This used to be very common back in the day before gated shifting. If you look at the shape of the chainring's teeth you can imagine what's happening. If the chain hits the ring with a roller to the tooth tip and you spin the crank because there's no load, the teeth will skitter below the chain keeping it out at the edges of the teeth. It's like shifting an auto transmission with the engine RPM not matched closely enough -- gr-r-r-r-i-i-nd.
A contributing factor could be chainring separation. If the chain is a bit too narrow for the crankset, (ie 10s chain, 9s cranks) it can lean against the outer ring with the plates lined up to the chainring teeth, rather than moving over so it drops in.
Also if you have unmatched chainrings, or don't have the little diamonds lined up properly the chain is more likely to land out of phase making your problem more likely.
The FIX,
1- check chainring gap, and/or chain width. test by putting the chain against the inside fce of the outer ring and see how it lines up.

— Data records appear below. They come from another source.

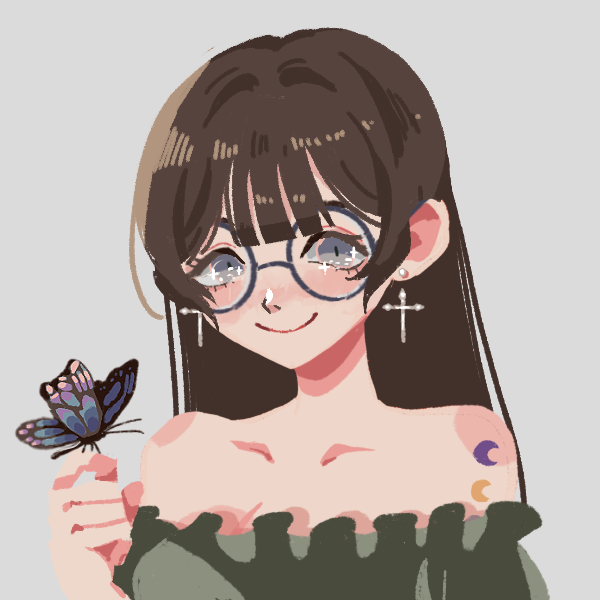 user avatar image for Moon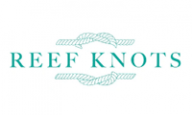Reef Knots Discount Codes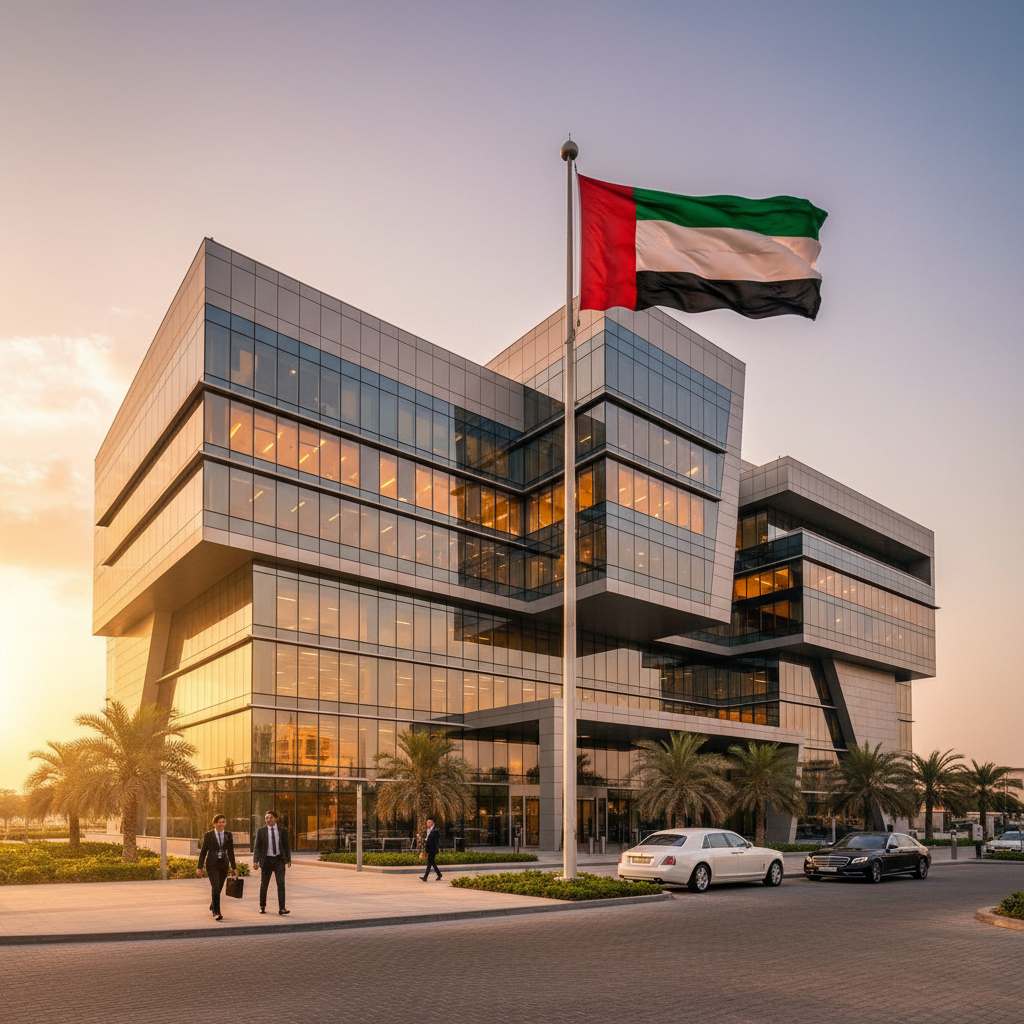 visa cancellation Dubai 2026 complete guide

2- check phase marks and rotate the inner ring to a new position if necessary. Test by hand shifting the ring through the outer ring's gate and seeing how it phases as it comes in contact with the inner ring. If it lands roller to tooth, rotate the inner ring to a new position. There are 5 positions each 1/5th tooth apart in phasing, so one will be close.
3- there are no synchro rings on bicycles, so you have to help the chain engage by timing you shifts and easing power off for a 1/4 second so the chain can engage. This is learned technique like toeing the clutch for a fast 2nd to 3rh shift in your car. Once you get it down it'll be second nature and you'll never think about again.